Finch shook his head admiringly. "You sure make us sound bad, Dave."

"Maybe I do," Masters said. "But bad as we are, we're better than those on the outside, in the muck, the poor bastards of the world. We do no harm, we say what we want, and we get paid for it; and that's a triumph of natural virtue, or pretty damn close to it."

Masters leaned back from the table, indifferent, no longer concerned with what he had said.

Gordon Finch cleared his throat. "Well, now," he said earnestly. "You may have something in what you say, Dave. But I think you go too far. I really do."

Stoner and Masters smiled at each other, and they spoke no more of the question that evening. But for years afterward, at odd moments, Stoner remembered what Masters had said; and though it brought him no vision of the University to which he had committed himself, it did reveal to him something about his relationship to the two men, and it gave him a glimpse of the corrosive and unspoiled bitterness of youth.

On May 7, 1915, a German submarine sank the British liner Lusitania, with a hundred and fourteen American passengers on board; by the end of 1916 submarine warfare by the Germans was unrestricted, and relations between the United States and Germany steadily worsened. In February 1917 President Wilson broke off diplomatic relations. On April 6 a state of war was declared by Congress to exist between Germany and the United States.

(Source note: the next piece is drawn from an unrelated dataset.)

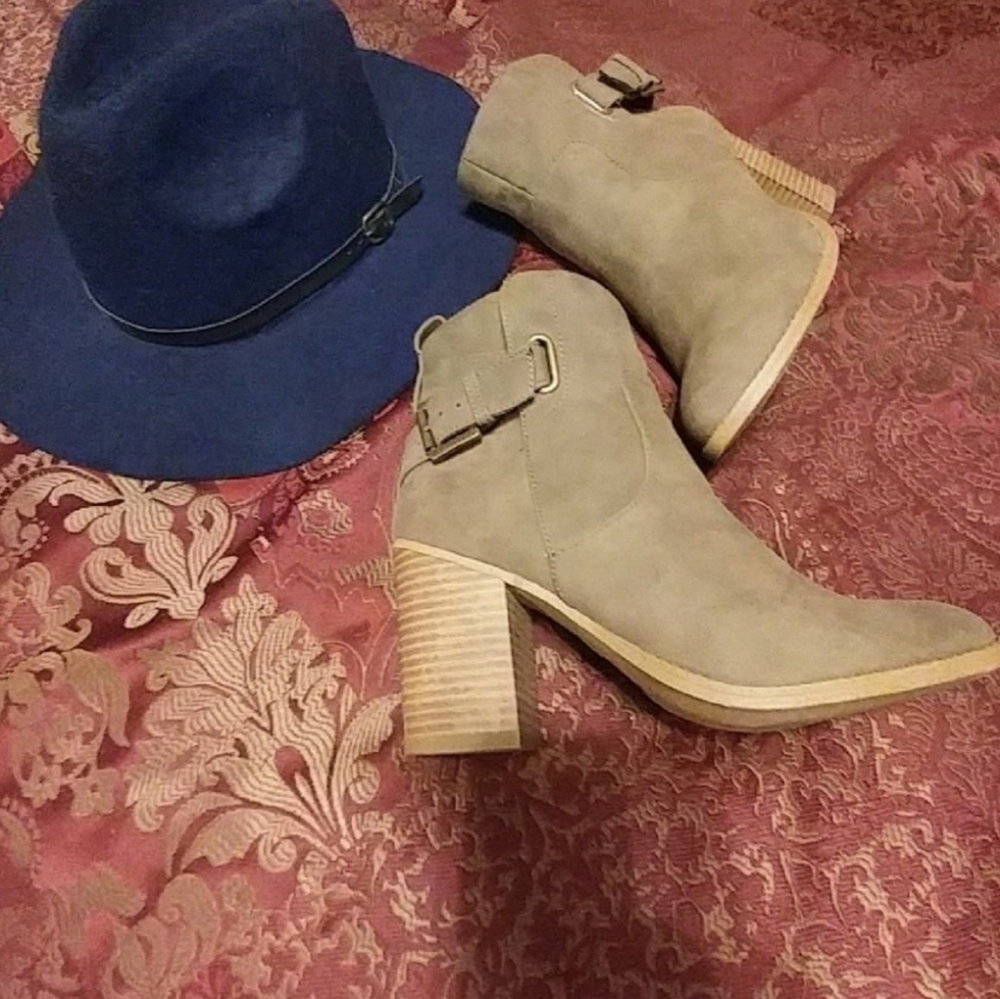 New Ankle boots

With that declaration, thousands of young men across the nation, as if relieved that the tension of uncertainty had finally been broken, besieged the recruiting stations that had been hastily set up some weeks before. Indeed, hundreds of young men had not been able to wait for America's intervention and had as early as 1915 signed up for duty with the Royal Canadian forces or as ambulance drivers for one of the European allied armies. A few of the older students at the University had done so; and although William Stoner had not known any of these, he heard their legendary names with increasing frequency as the months and weeks drew on to the moment that they all knew must eventually come.

War was declared on a Friday, and although classes remained scheduled the following week, few students or professors made a pretense of meeting them. They milled about in the halls and gathered in small groups, murmuring in hushed voices. Occasionally the tense quietness erupted into near violence; twice there were general anti-German demonstrations, in which students shouted incoherently and waved American flags. Once there was a brief-lived demonstration against one of the professors, an old and bearded teacher of Germanic languages, who had been born in Munich and who as a youth had attended the University of Berlin. But when the professor met the angry and flushed little group of students, blinked in bewilderment, and held out his thin, shaking hands to them, they disbanded in sullen confusion.

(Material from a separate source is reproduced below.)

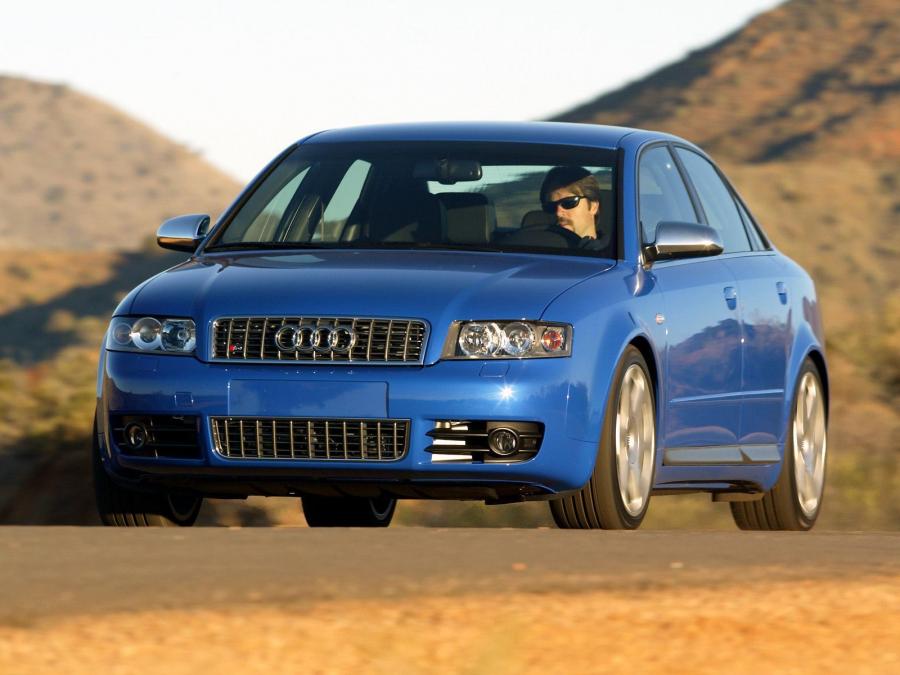  Audi S4 Sedan (B6,8E) 2003 года  (NA) (фото 6 из 8)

During those first days after the declaration of war Stoner also suffered a confusion, but it was profoundly different from that which gripped most of the others on the campus. Though he had talked about the war in Europe with the older students and instructors, he had never quite believed in it; and now that it was upon him, upon them all, he discovered within himself a vast reserve of indifference. He resented the disruption which the war forced upon the University; but he could find in himself no very strong feelings of patriotism, and he could not bring himself to hate the Germans.

But the Germans were there to be hated. Once Stoner came upon Gordon Finch talking to a group of older faculty members; Finch's face was twisted, and he was speaking of the "Huns" as if he were spitting on the floor. Later, when he approached Stoner in the large office which half a dozen of the younger instructors shared, Finch's mood had shifted; feverishly jovial, he clapped Stoner on the shoulder.